LETTER: A house divided
“A house divided against itself will not stand.”
This is not only from the Bible, but it is common sense, whether it refers to our own families, our circle of friends, our churches, our communities, our nation, our world.
Unless we pull together, we will be fragmented.
Some weeks ago, and now in the light of more than 250 mass shootings this year in the U.S., I was so troubled by what I see as ongoing racism in this nation that I emailed a friend in Albemarle to ask if she thought it was time to have “the conversation” with our fellow Stanly County citizens.
“The conversation” is the one we haven’t had in this country, much less in this county and in our churches, about what has plagued us since the 1600s when slaves were first brought to this country … and going back to 1400s when the first settlers started coming and taking over the land of our First Peoples.
I asked my friend if it is time to have the race question discussed in Stanly.
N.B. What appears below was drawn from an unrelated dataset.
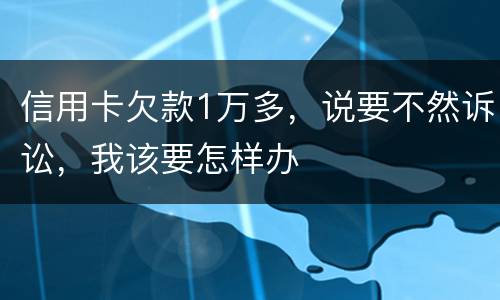 信用卡欠款1万多，说要不然诉讼，我该要怎样办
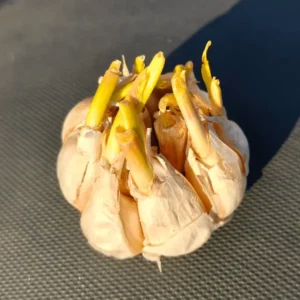 Fresh garlic bulbs with natural aroma and clean white cloves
“Truly, I believe that until our country comes to grips with the question, we will continue to writhe in turmoil. Do you think our faith leaders could make this happen, along with others of like mind?”
My friend’s answer was, in part: “…no easy solution I am afraid … particularly on a local level …. I’m not sure our church leaders are willing to wade into these serious issues for fear of the rabid retaliation they may receive from some. It’s really depressing.”
My fellow citizens, with so much ill-will (I will refrain from using that awful word, hate) abounding in our country, from outright incivility at all levels, from he who is supposed to be our leader to the rest of us, from the instability of people who become domestic terrorists, well, with so much ill-will, is it not the right time to have this discussion?
Perhaps it could be a discussion of racism and ill-will, but we must address the elephant in the room: racism.
Who will be willing to step forward to help create such a conversation?
Let your faith leader and me know. Maybe we can get a handful of hopefuls together to begin.